The organic chemists, like half of them, went off in one room and then the handful of us who were interested in physical chemistry, we went off into a different room to talk to the current grad students.  During the Q and A, I was really impressed.  John seemed to be asking all these questions that I hadn’t even considered.  He was savvier than the rest of us. 

That night, all the prospective students went out to dinner and we sort of compared notes and I found out that, as it turned out, John had already visited a lot of graduate schools.  He was pretty much at the end of his tour and he was leaning toward attending the University of Buffalo. 

Ohio State was the first school I had visited, but I was really excited about the following weekend because I was going to the University of Virginia.  My sister went there, it was close to my family, and they were offering me a pretty good fellowship so I was excited. 

Over the course of the night, we were sort of initially talking about what research we had done as undergrads, what research we were hoping to do in graduate school, what our career goals were, but as the night wore on, we started talking about other stuff: our music interests, the sports teams we cheered for, our families, even religion. 

John asked me a ton of questions.  He listened and then he challenged me on almost everything I said.  But he was respectful.  He wasn’t condescending or patronizing, which is something I get a lot as a short, blonde female.  He was clearly interested and he was really interesting.  I remember thinking if circumstances were different, if he didn’t live in Michigan and I didn’t live in Georgia and we weren’t considering different grad programs, we would probably be friends.  Maybe even best friends. 
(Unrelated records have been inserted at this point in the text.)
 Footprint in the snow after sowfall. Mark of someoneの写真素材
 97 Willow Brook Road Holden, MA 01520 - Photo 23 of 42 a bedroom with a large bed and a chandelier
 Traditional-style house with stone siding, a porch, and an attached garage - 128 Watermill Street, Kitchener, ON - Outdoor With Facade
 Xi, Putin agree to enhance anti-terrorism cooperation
The next morning, all the prospective students were at the airport.  We’re saying our goodbyes.  John comes up to me and he says, “Well, I'll see you next weekend.”  I looked at him quizzically. “What?” 
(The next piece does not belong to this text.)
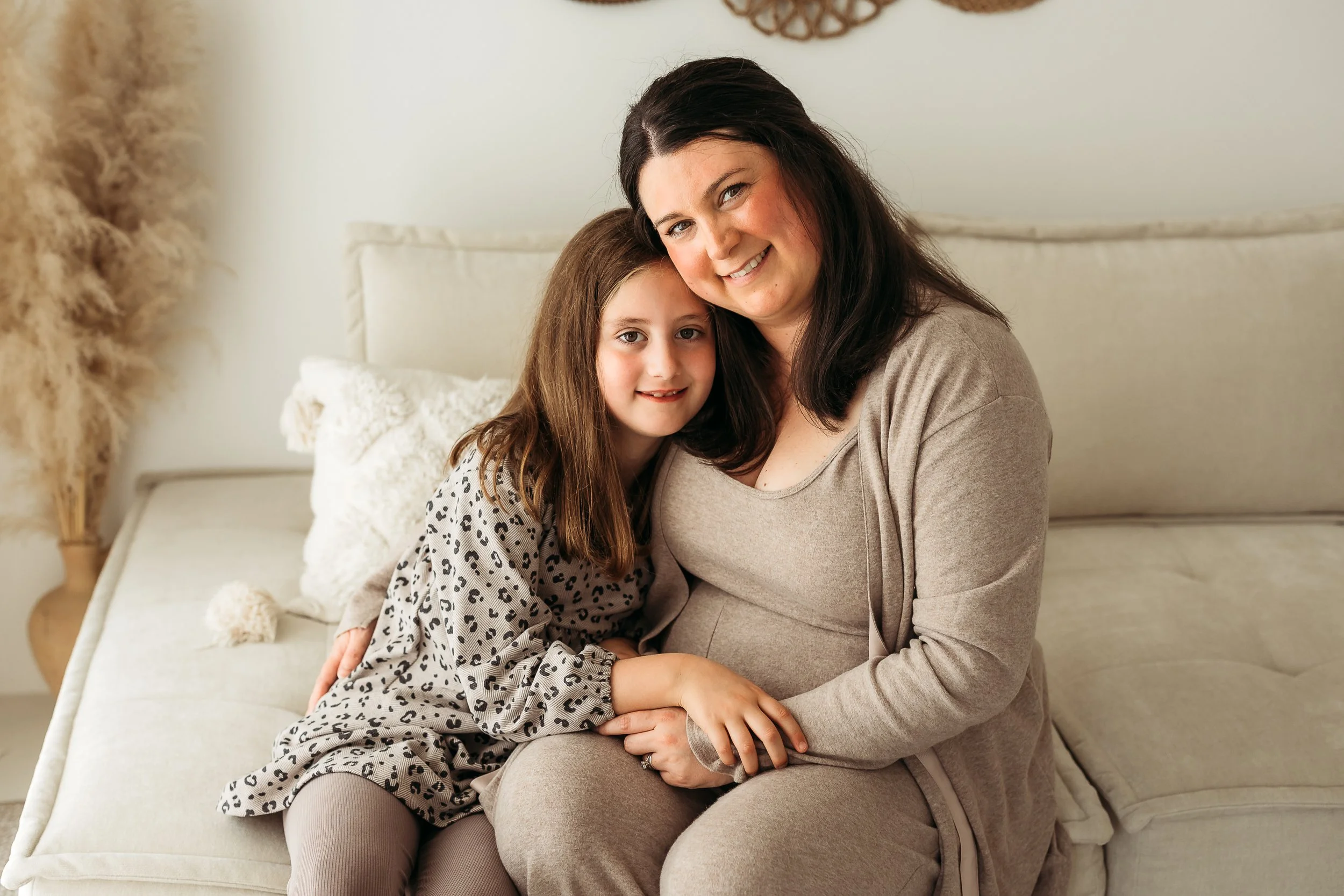 A mother and daughter sharing a cosy moment together at home, capturing their close bond and the everyday connection between them.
“Yeah, so actually, I got accepted to the University of Virginia and I think I’m gonna check it out.”  I was flattered but really skeptical until I saw him Charlottesville the next weekend. 

I think John’s dad tells the story best.  He says John called him up and he said, “Pa, so I decided I’m gonna actually go to UVA next weekend and check it out.” 

John’s dad was like, “Okay.  Why?” 

And John said, “Well, you know I do not believe in love at first sight, but I met a girl.”  That feeling was mutual. 

The next couple of years in Charlottesville were amazing.  Being in a relationship with another physical chemist was great.  We got to see each other every day, we took classes together, we studied together.  We decided to work in different research groups, but our projects were closely enough related that we could compare notes.  We could talk about our progress, our frustrations in the lab. We could help each other troubleshoot. 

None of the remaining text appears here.